Nana is also a communications strategist who has over fifteen years’ experience of developing and delivering strategic communications programs across media, public sector and non-governmental organizations. She has a deep understanding of digital technologies for feminist activism, and is widely recognized as a key African feminist working at the intersections of gender, sexualities and technologies. The impact of Nana Darkoa’s work has been documented by CNN in a film titled, Not Yet Satisfied.

She holds a BSc (Hons) in Communications and Cultural Studies from the University of North London (now London Metropolitan University), and a MSc in Gender and Development from the London School of Economics and Political Science. She is also a trained performance coach, and leadership trainer. Nana lives in Accra, Ghana with her daughter Asantewaa, and her dog Romeo.

Book Cover

Unoma: You have had a huge success with the award-winning blog Adventures from the Bedrooms of African Women, but I am curious about what moved you to write The Sex Lives of African Women?

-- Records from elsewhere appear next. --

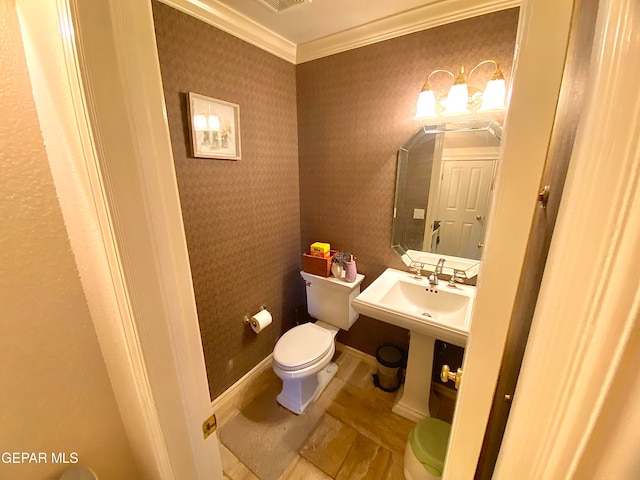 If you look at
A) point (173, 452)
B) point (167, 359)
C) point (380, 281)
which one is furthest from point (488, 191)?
point (173, 452)

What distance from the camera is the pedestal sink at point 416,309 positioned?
1.46 m

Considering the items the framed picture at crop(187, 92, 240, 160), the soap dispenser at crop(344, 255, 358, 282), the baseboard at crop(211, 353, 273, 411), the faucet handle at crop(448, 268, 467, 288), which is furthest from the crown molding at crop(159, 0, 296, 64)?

Nana Darkoa Sekyiamah: Sometime in 2014, it dawned on me that there wasn’t a book that focused on the sexual experiences of African women. There was existing literature – research as well as fiction and non-fiction – about the sexual desires, experiences and fantasies of predominantly white women, but nothing that told our stories from our perspectives. I also knew from Adventures that a wealth of such stories existed. That is when I decided to interview as many African women as possible about their experiences of sex and sexuality.

Unoma: Your book shows that African women subvert traditional images in places they are not considered to have agency or in spaces where they are challenging gender roles especially in their bedrooms or in their marriages/relationships. Was this deliberate?

Nana Darkoa Sekyiamah: Yes and no 🙂 Personally, I’m definitely interested in people who colour outside the lines, who are non-conformist and so, of course, whenever I met an African woman who seemed interesting in some way shape or form I would say, “I am writing a book about the sex lives of African women. Can I interview you?” Usually they would say, “yes,” and in the subsequent conversation, my sense of them would be confirmed. At the same time, there are soooo many women I interviewed that I knew absolutely nothing about. They responded to my call seeking women to interview, or a friend told them about my book project. My conclusion is that many women are subverting traditional images in small and sometimes big ways, and one can realise that by taking the time to have a conversation with them.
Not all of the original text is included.